Racing industry in turmoil after police raids
Properties searched, stables raided in wide-ranging investigation
Two champion harness racing drivers are among those involved in a wideranging police investigation into alleged race-fixing.
Blair Orange is one of several people being interviewed by police after raids around New Zealand yesterday, and a search warrant was executed on the home of Dexter Dunn.
Orange broke the New Zealand record for wins by a reinsman in a season when he won the national premiership with 232 winners for the season, breaking his friend Dunn’s premiership reign.
Dunn is in the United States but the
Herald has learned that police yesterday searched Dunn’s home and truck, and took away a computer.
Eight properties were searched when Operation Inca saw stables raided and trainers and drivers escorted off their properties for questioning.
It is understood police have been monitoring the communications of harness racing identities with phone taps for up to 18 months.
Police had expected to begin making arrests and laying charges yesterday afternoon in an on-going investigation that appears to be focused on betting. Police Detective Superintendent Tim Anderson said search warrants were executed in Christchurch, Manawatu and Invercargill and more would be carried out later this week.
The raids come after police began an inquiry in April last year. This followed an approach by the Racing Integrity Unit, an independent body charged with managing integrity issues in the three racing codes, harness, thoroughbred and greyhounds.
The Invercargill property run by trainers Kirstin Barclay and Paul Ellis was among those visited.
Barclay confirmed she was questioned by police yesterday. The horsewoman believed that was because she regularly used some of the horsemen at the centre of the investigation to drive her horses.
“I have got absolutely nothing to hide,” she said. “They were not interested in me.”
A number of people would be appearing in court this week, Anderson said.
Police are believed to have gone to the property of Orange’s boss, Ken Barron, in Canterbury yesterday morning and Orange was believed to be speaking to police.
Several of those questioned have had their phones and computers seized.
Anderson said that the investigation was not just limited to racefixing and could include cases of horse-doping.
Racing Minister Winston Peters said he was deeply disappointed by news of pending charges but noted that a lot of support was given to the Racing Integrity Unit, which alerted police to its concerns in April last year.
“It is clearly working because if anyone thinks in that industry that they are above the law or above the requirements of integrity, they couldn’t be further wrong.”
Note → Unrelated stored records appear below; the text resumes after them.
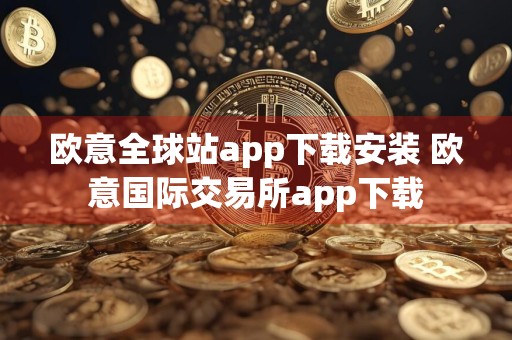 欧意全球站app下载安装 欧意国际交易所app下载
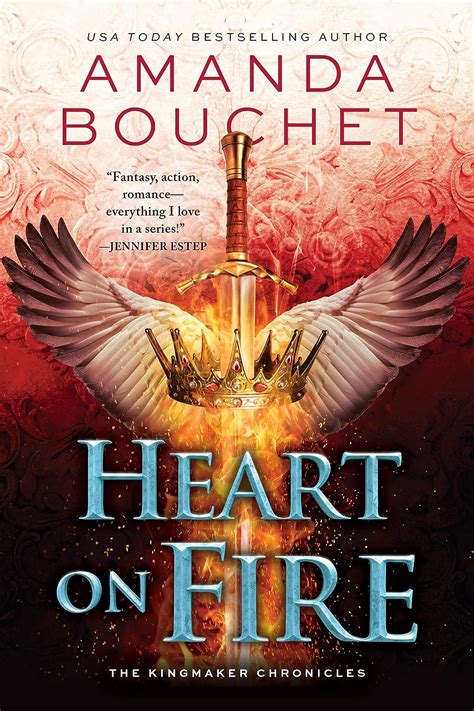 Heart on Fire The Kingmaker Chronicles Kindle Editon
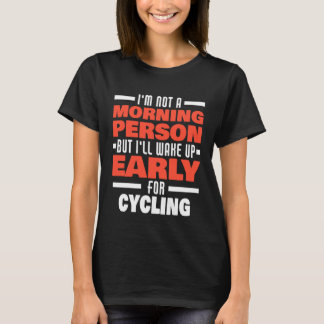 Wake Up Early For Cycling Saying  Cyclist T-shirt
Peters said that while few facts had yet emerged the focus was on a small group in an industry that involved many tens of thousands of people.
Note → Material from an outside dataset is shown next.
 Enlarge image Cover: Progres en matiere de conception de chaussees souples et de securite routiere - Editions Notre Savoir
Meanwhile, trainers whose properties are understood to have been visited by the police include Barron, Nigel McGrath, Mark Purdon and Natalie Rasmussen, John Dunn and Andrew Stuart.
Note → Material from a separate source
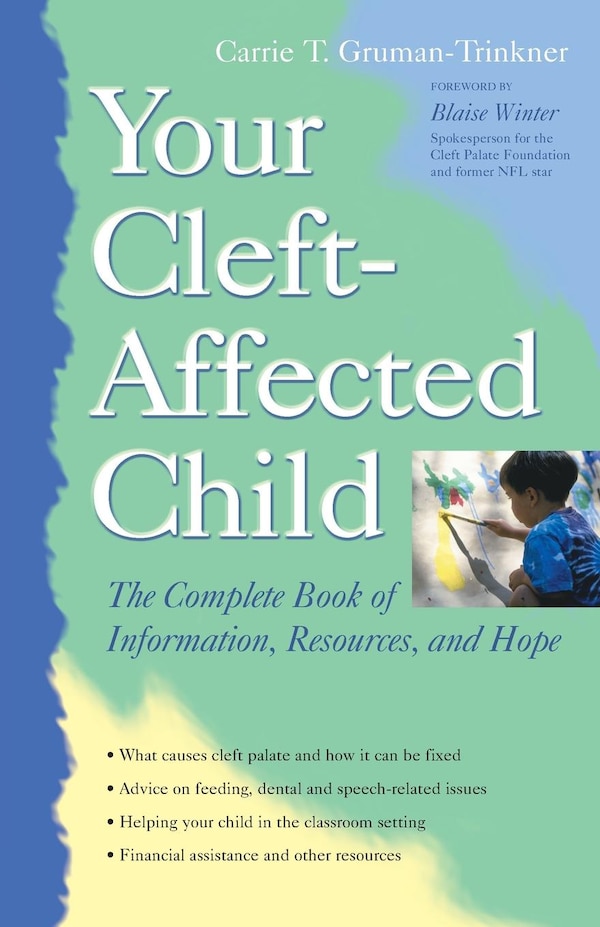 Your Cleft-Affected Child by Carrie T. Gruman-Trinkner, Paperback | Indigo Chapters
The luxury property of Christchurch racehorse owner, punter and car sales businessman Graham Beirne is also among those whose properties were raided in the investigation.
Late yesterday Beirne told the
Herald by text from Bali, where he is on holiday, that he had been “advised against any further discussions with the media”.
He earlier told Stuff that he was a suspect. “All I have to say is one word: nonsense. I don’t know where it’s coming from. If they are talking racefixing, it’s nonsense.”
In 2014 the TAB moved to restrict Beirne’s betting because the agency was losing “a significant amount of money” on his fixed-odds betting.
It sought to limit Beirne to maximum wins of $2000.
Beirne told Stuff at the time: “On the one hand they’re complaining about leakage — don’t bet overseas, they say, but you can only back losers in New Zealand — ‘You can play in our sandpit but only if you lose’.”
The TAB said it was standard practice around the world for corporate bookmakers to restrict winning punters.
Anderson also appealed for anyone with information about racefixing or match-fixing to come forward.
Purdon told the Herald that he had not been questioned by police and had no issue with them looking over his property.
“As far as race-fixing goes I know there’s nothing involved there, but I’m quite comfortable. But as I say, they weren’t that interested in me.”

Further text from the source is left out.